_EXCERPTED DATA_:
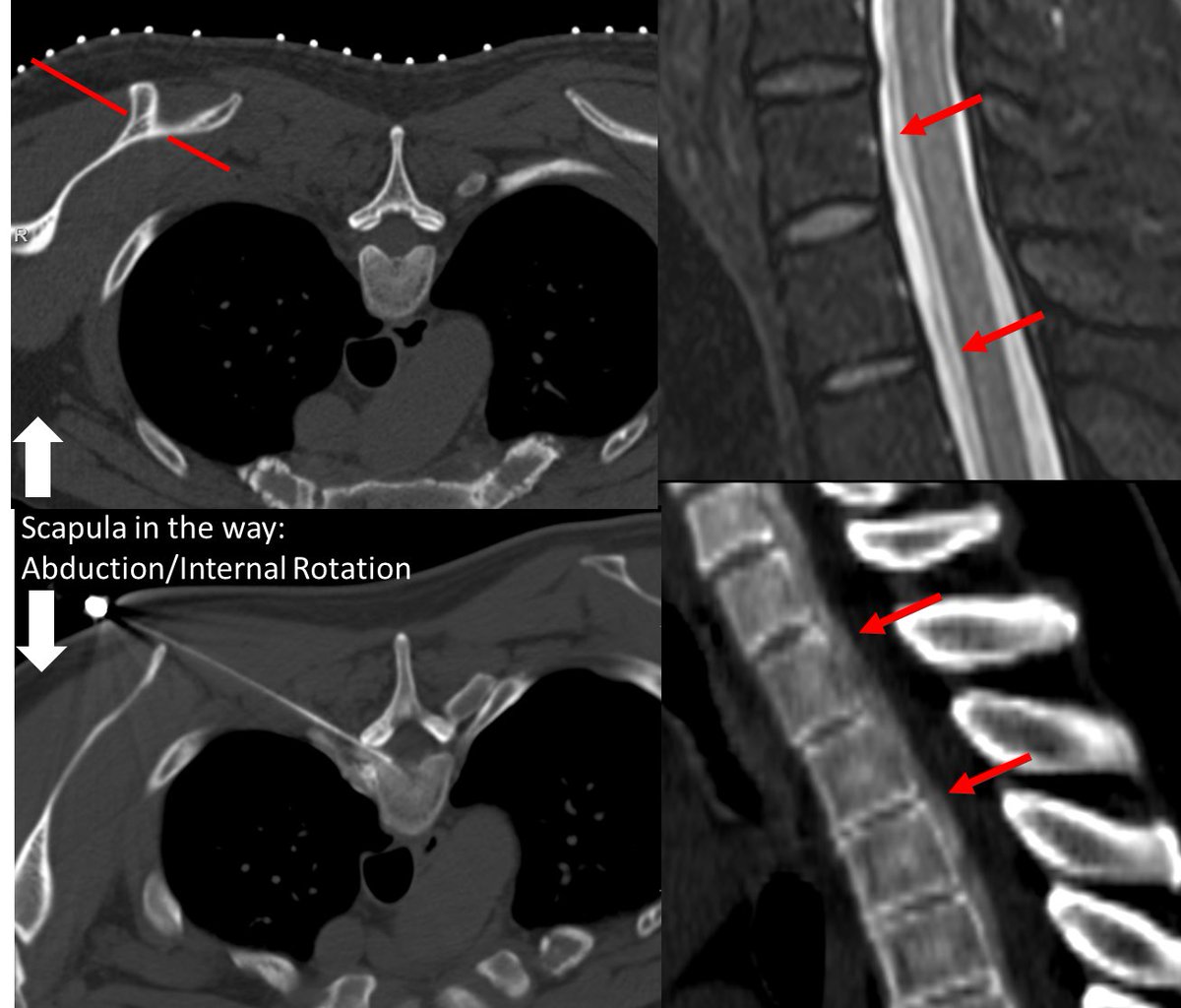 When scapula blocks your path to patch the ventral #CSFleak, a little disco move can sometimes open things up just enough…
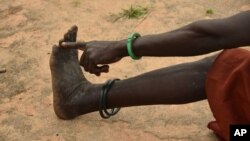 Seorang perempuan menunjukkan jari kakinya yang menurutnya mengeluarkan 3 ekor cacing saat ia menderita penyakit 'Cacing Guinea', di Terekeka, Sudan Selatan (foto: dok). 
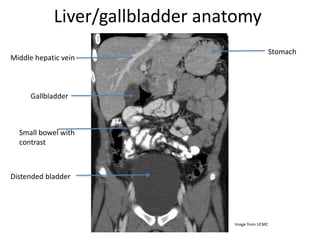 Liver/gallbladder anatomy
Middle hepatic vein
Gallbladder
Small bowel with
contrast
Distended bladder
Stomach
Image from UCMC
 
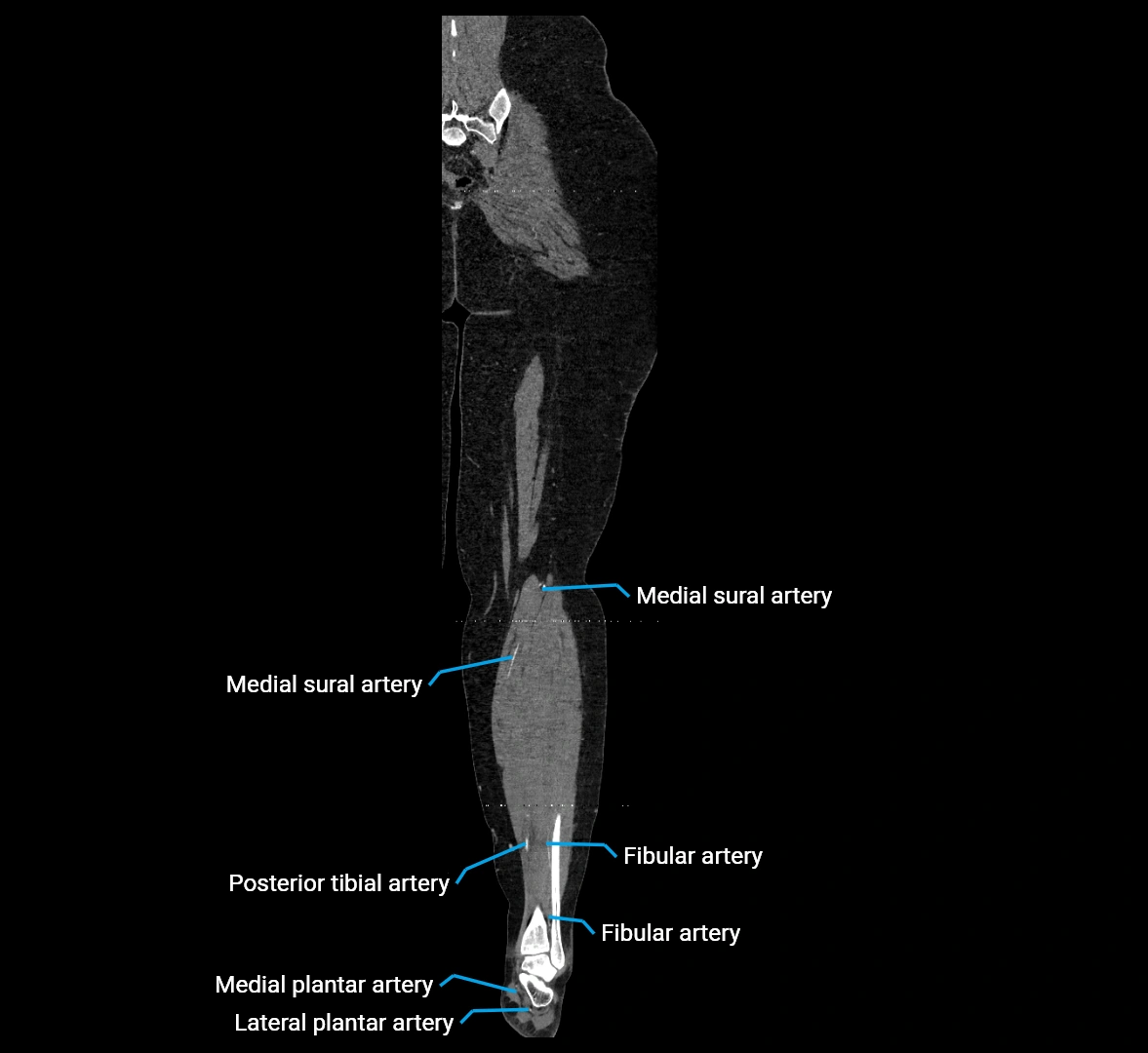 CTA lower limb coronal cross sectional anatomy labelled image _72 (2).webp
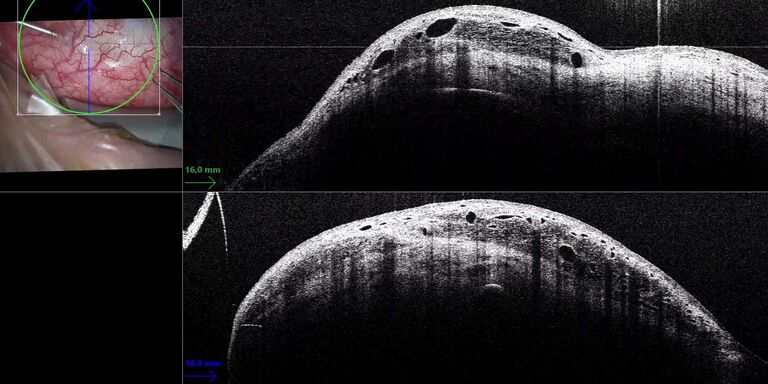 Intraoperative OCT picture showing 5-Fluorouracil (5-FU) drug injection after trabeculectomy. Images courtesy of Prof. Gerd Geerling, MD, PhD, FEBO, Department of Ophthalmology, University Hospital Düsseldorf, Germany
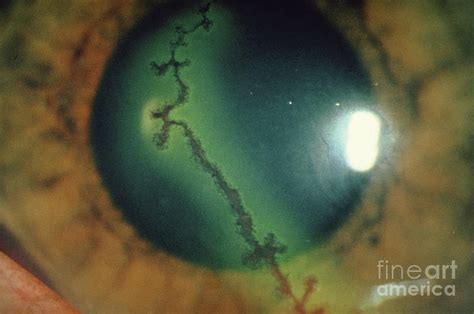 Dendritic Ulcer Herpes Simplex On Cornea Of Eye Photograph By
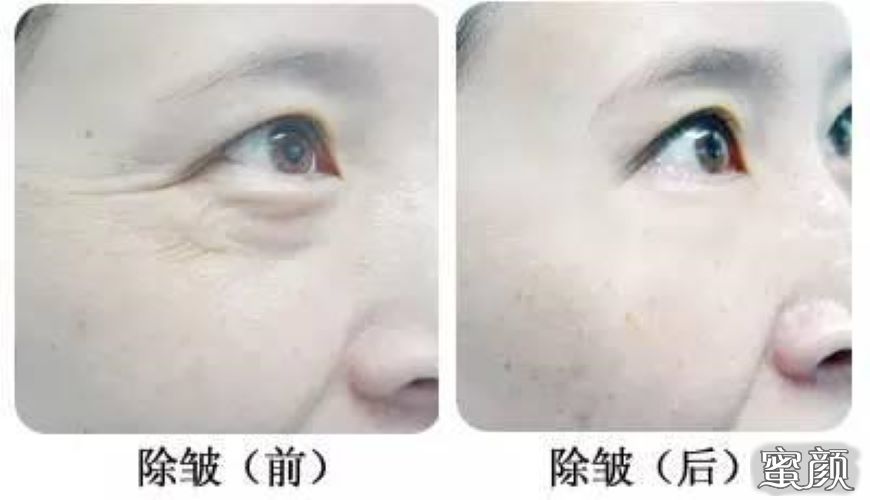 https://img.miyanlife.com/mnt/Editor/2020-12-25/5fe5a1862d4fe.jpg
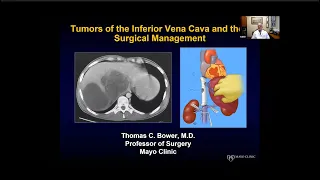Tumors of the Inferior Vena Cava and their Surgical Management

_TASK_: Reproduce each line of the records exactly and exclude any images.

_WORKED SOLUTION_:
 When scapula blocks your path to patch the ventral #CSFleak, a little disco move can sometimes open things up just enough…
 Seorang perempuan menunjukkan jari kakinya yang menurutnya mengeluarkan 3 ekor cacing saat ia menderita penyakit 'Cacing Guinea', di Terekeka, Sudan Selatan (foto: dok). 
 Liver/gallbladder anatomy
Middle hepatic vein
Gallbladder
Small bowel with
contrast
Distended bladder
Stomach
Image from UCMC
 
 CTA lower limb coronal cross sectional anatomy labelled image _72 (2).webp
 Intraoperative OCT picture showing 5-Fluorouracil (5-FU) drug injection after trabeculectomy. Images courtesy of Prof. Gerd Geerling, MD, PhD, FEBO, Department of Ophthalmology, University Hospital Düsseldorf, Germany
 Dendritic Ulcer Herpes Simplex On Cornea Of Eye Photograph By
 https://img.miyanlife.com/mnt/Editor/2020-12-25/5fe5a1862d4fe.jpg
Tumors of the Inferior Vena Cava and their Surgical Management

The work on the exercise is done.